What is required:
Exactly the lines starting at the line containing "4 makuuhuone Omakotitalo" and ending at the line containing "Asian Health Salon" are to be written out from the listing below, both included.

Records for this exercise:
■ ■ ■ ■ ■ ■ ■

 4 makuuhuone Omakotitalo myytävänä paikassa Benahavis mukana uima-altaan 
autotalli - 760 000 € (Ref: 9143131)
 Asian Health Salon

■ ■ ■ ■ ■ ■ ■

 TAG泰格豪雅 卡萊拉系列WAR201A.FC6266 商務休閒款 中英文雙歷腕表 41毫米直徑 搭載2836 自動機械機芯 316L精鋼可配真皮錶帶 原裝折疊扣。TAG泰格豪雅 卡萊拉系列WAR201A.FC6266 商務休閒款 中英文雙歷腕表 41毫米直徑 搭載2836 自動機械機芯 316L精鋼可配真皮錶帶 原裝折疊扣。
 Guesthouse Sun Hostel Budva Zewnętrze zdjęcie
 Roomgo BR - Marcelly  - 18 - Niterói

■ ■ ■ ■ ■ ■ ■

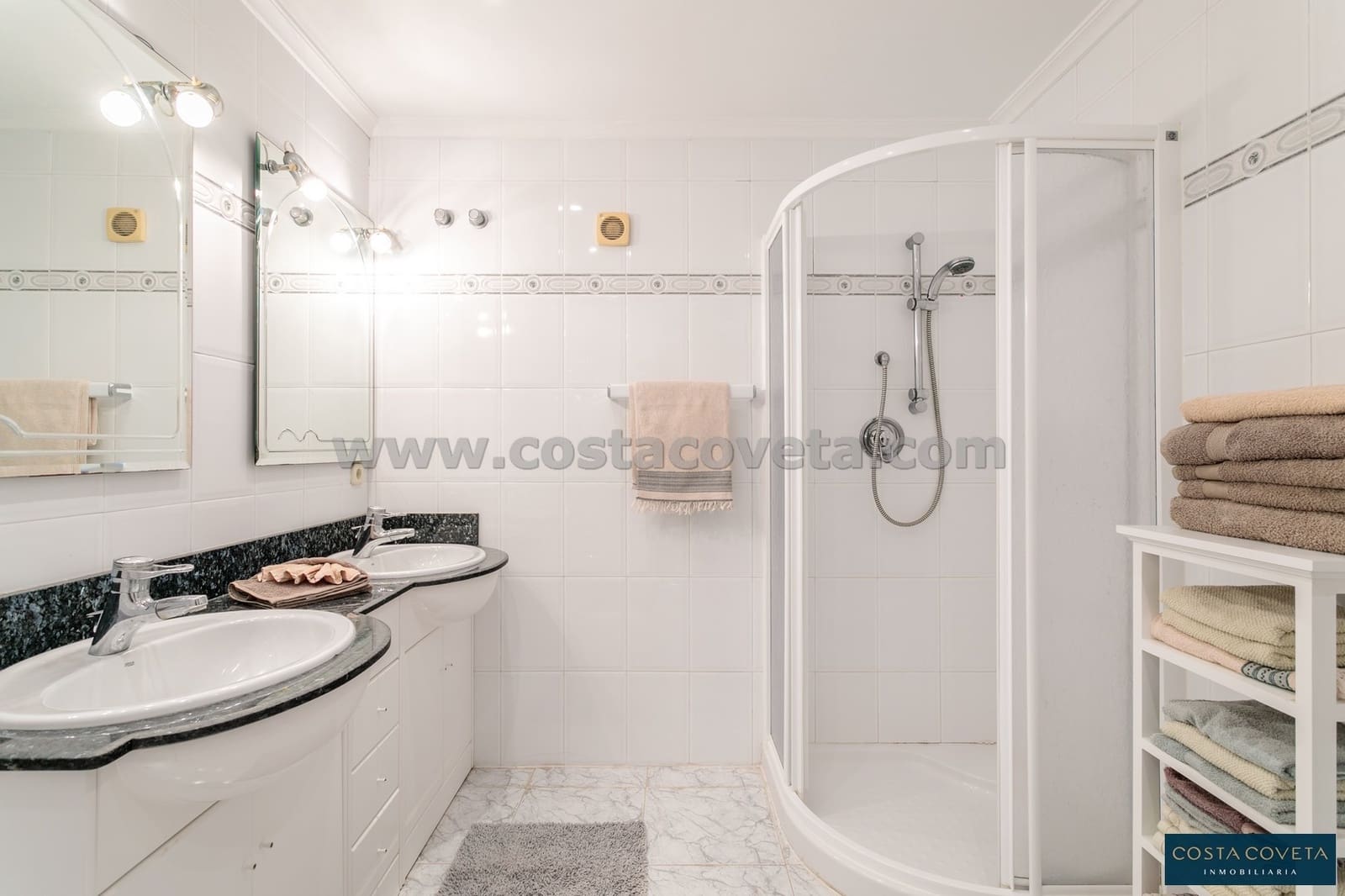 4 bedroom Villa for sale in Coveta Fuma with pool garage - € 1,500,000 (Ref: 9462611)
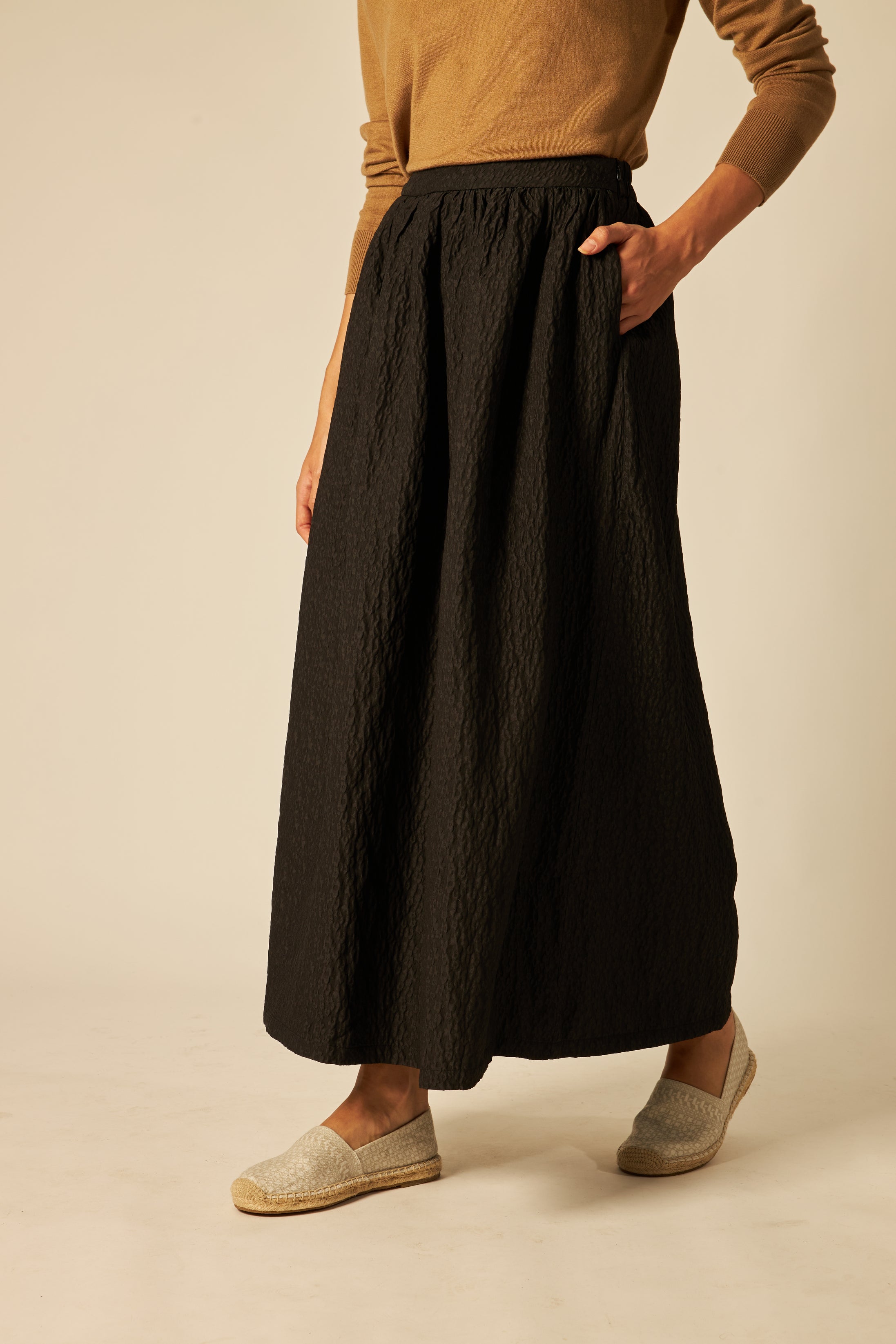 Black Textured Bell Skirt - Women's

■ ■ ■ ■ ■ ■ ■

Response to the task:
 4 makuuhuone Omakotitalo myytävänä paikassa Benahavis mukana uima-altaan 
autotalli - 760 000 € (Ref: 9143131)
 Asian Health Salon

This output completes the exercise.